I keep my eyes on the sleeping city.

“Well, seems they only saw Nora,” he says. “She was waitin’ inside the house when they came back from a friend’s. They said at first she claimed she was there to take them to safety, but Ann-Marie didn’t trust her and she started screamin’ hoping the neighbors would hear. That’s when Nora knocked her out cold with the butt of a gun. Sarah stood there watchin’, terrified and couldn’t move, poor thing—she always was the deer-in-headlights type. Next thing they knew they were in a trunk and rode like that for about thirty, forty-five minutes. She kept them in a house out in the middle of nowhere, tied to some furniture or somethin’. But anyway, they finally got the ropes loose and made a run for it. They hitchhiked on the highway—to think my daughters were out there alone on a dark highway like that, it makes me want to shoot that woman myself.”

“Are they OK?” I ask, still looking out ahead.

“Yeah,” he says. “She didn’t hurt them really. Just scared them mostly. But I’m glad they got free—I don’t want to think about what Nora would’ve done if—.” He stops, realizing he’s treading all too familiar waters. “Sorry, I didn’t mean—”

“It’s OK, James. I’m glad your daughters are safe.”

I see him nod in my peripheral vision.

“The boss said that Nora must be working alone, or else she would’ve left someone there with my daughters. They wouldn’t have gotten away.”

I nod, agreeing with that assessment, but can’t find it in me to engage him in conversation. I really wanted to spend this time out here alone, just me and my thoughts, but I don’t have the heart or the energy to tell James to leave. He really isn’t a bad guy, and I kind of feel sorry for him—he’s always trying to make Victor proud of him, or to join in on Niklas and Dorian’s casual conversations, but he never really quite fits in. And Fredrik, well James admires him for some baffling reason, to the point of it being kind of pathetic. But Fredrik apparently doesn’t believe in friendship so James doesn’t have a chance and never will because lions just don’t eat with zebras.

“If she’s working alone,” James says, “that means no one’s watching Dorian’s ex-wife, or your mom. If she dies here, that means there’s no one out there to hurt them.”

“Or, it means that their bonds were tighter, or they were locked in a room and can’t get out,” I say, “and if Nora dies then she can’t tell us where to find them and they’ll die anyway.”

James shifts uncomfortably next to me, knowing that I’m right.

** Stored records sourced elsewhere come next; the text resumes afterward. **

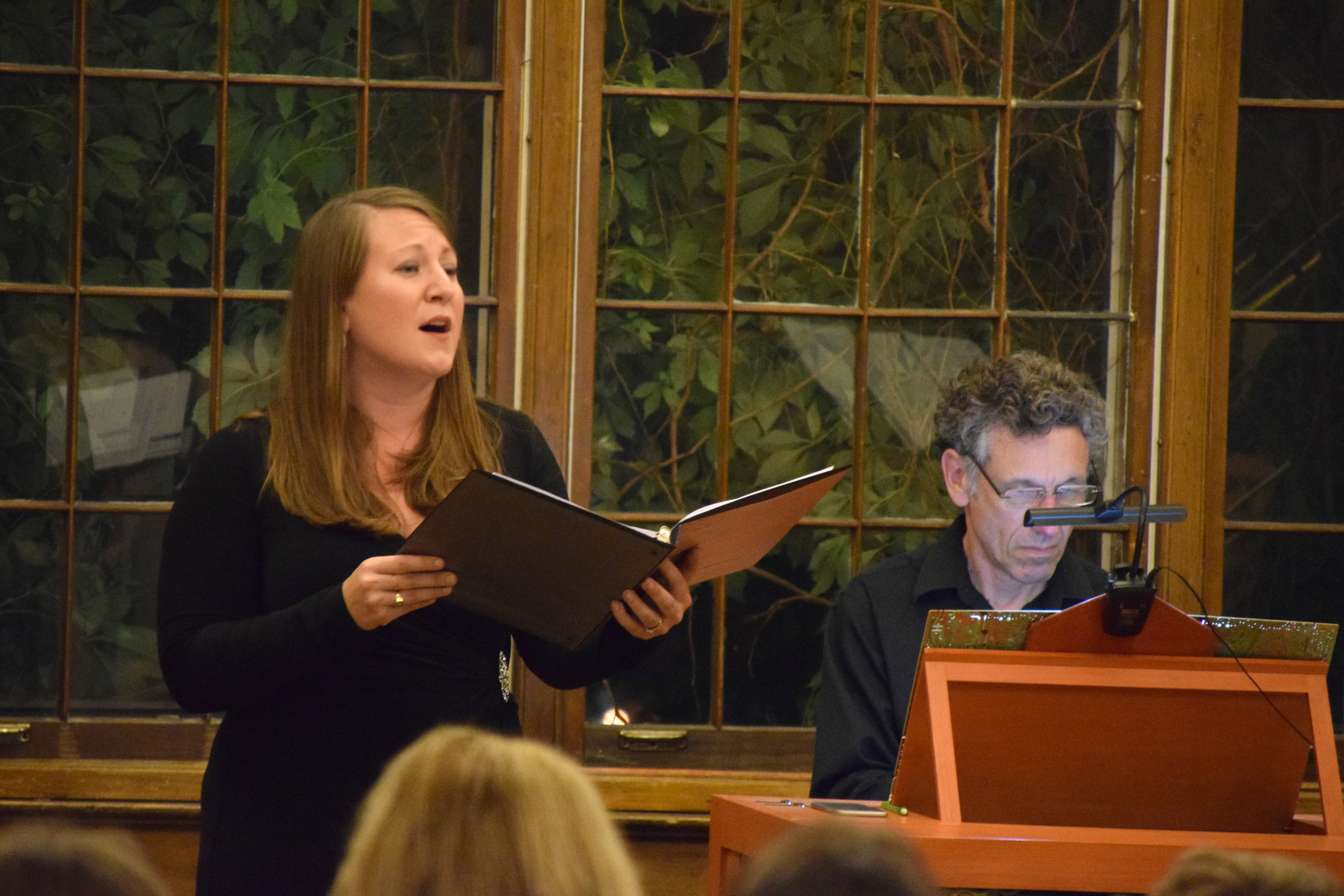 Special guest Clara Osowski sings with Incantare at the Twin Cities Early Music Festival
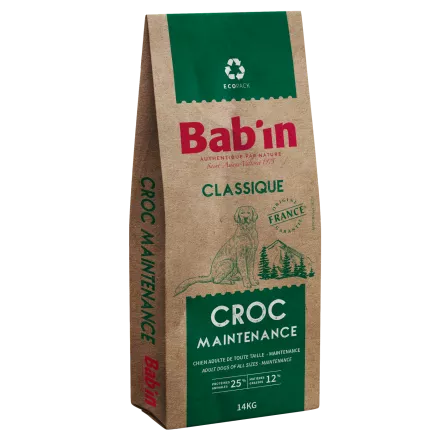 Croquettes Bab'in - Classique Croc Maintenance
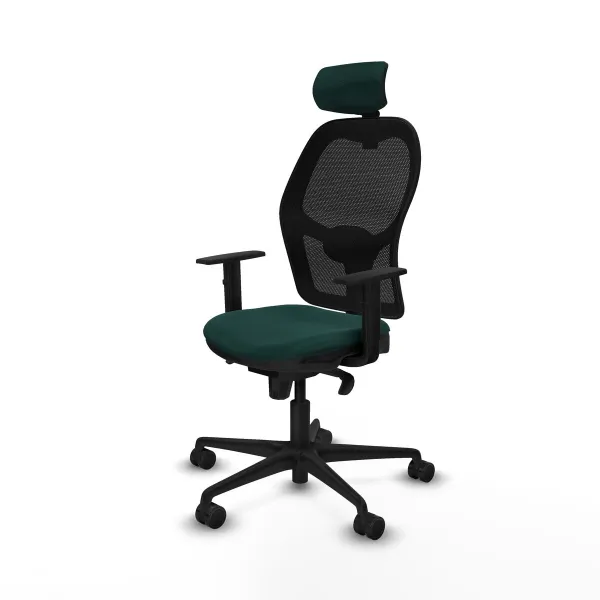 Office Chair Piqueras y Crespo 1D036N2 Green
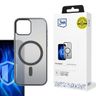 Etui 3MK Frosty MagCase do Apple iPhone  15 Plus czarny na NearMe.pl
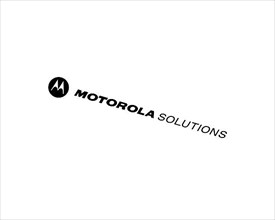 Motorola Solutions, rotated logo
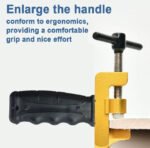 Portable Manual Tile & Glass Cutter Breaker Tool with Hand Grip - Image 5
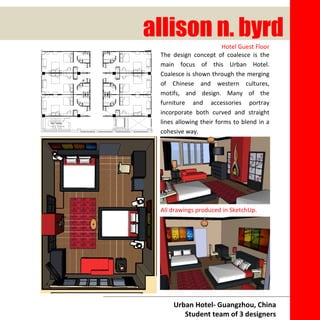 Allison Byrd Design Portfolio | PPT
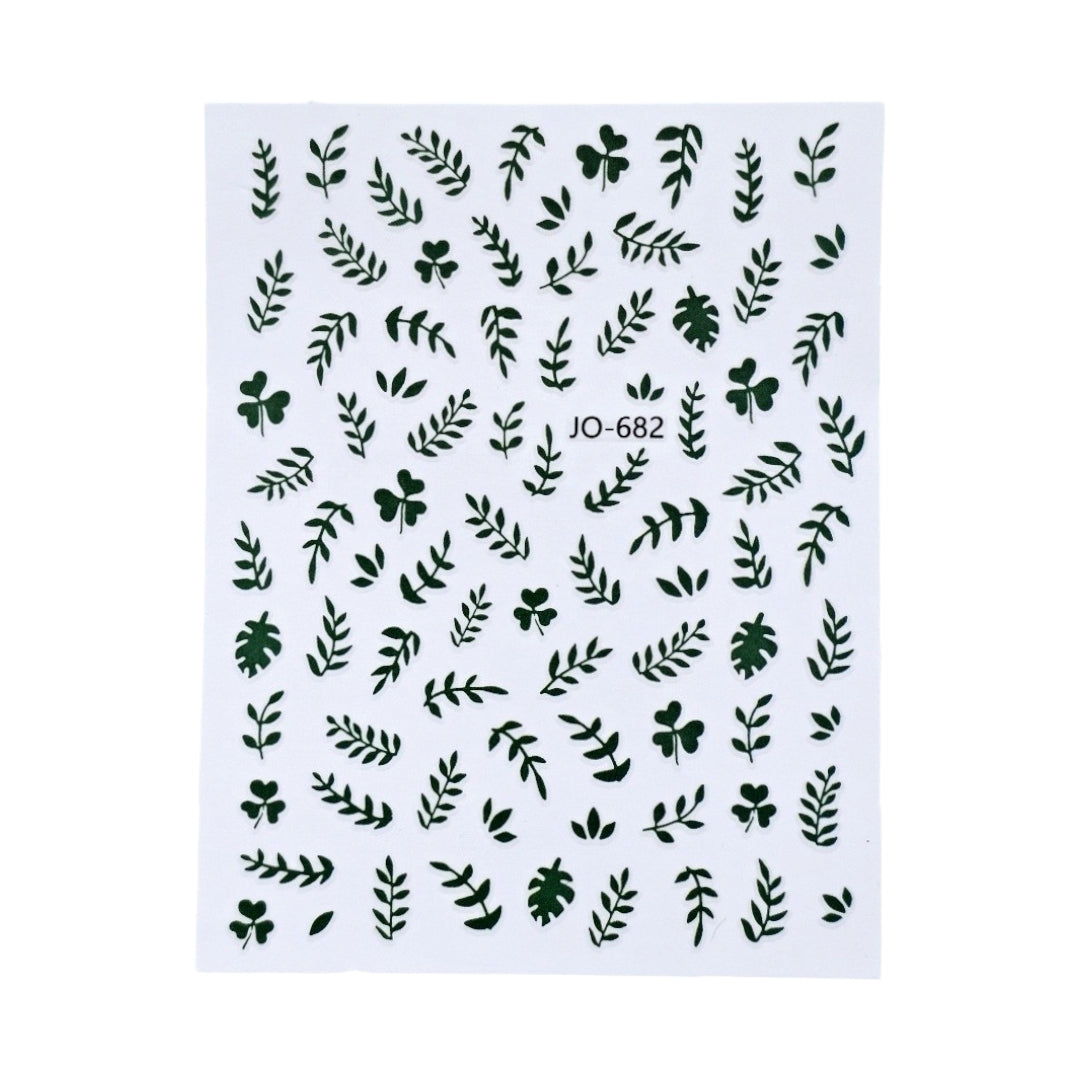 Sticker Unghii Decor 682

“Or, it means that she isn’t working alone,” I go on, my gaze still fixed on the street, “and that your daughters getting away was all just part of her plan.”

I glance over. James has that look on his chubby face, the one where he feels stupid and regrets saying anything.

“I’m sorry, James,” I say. “I know you’re trying to be positive and I appreciate that. I really do”—I sigh long and deep and change the subject—“I really hate that woman. I’ve said it a hundred times, to Victor, to myself, but I feel like I can’t say it enough. I hate her but at the same time, I wish I was more like her.”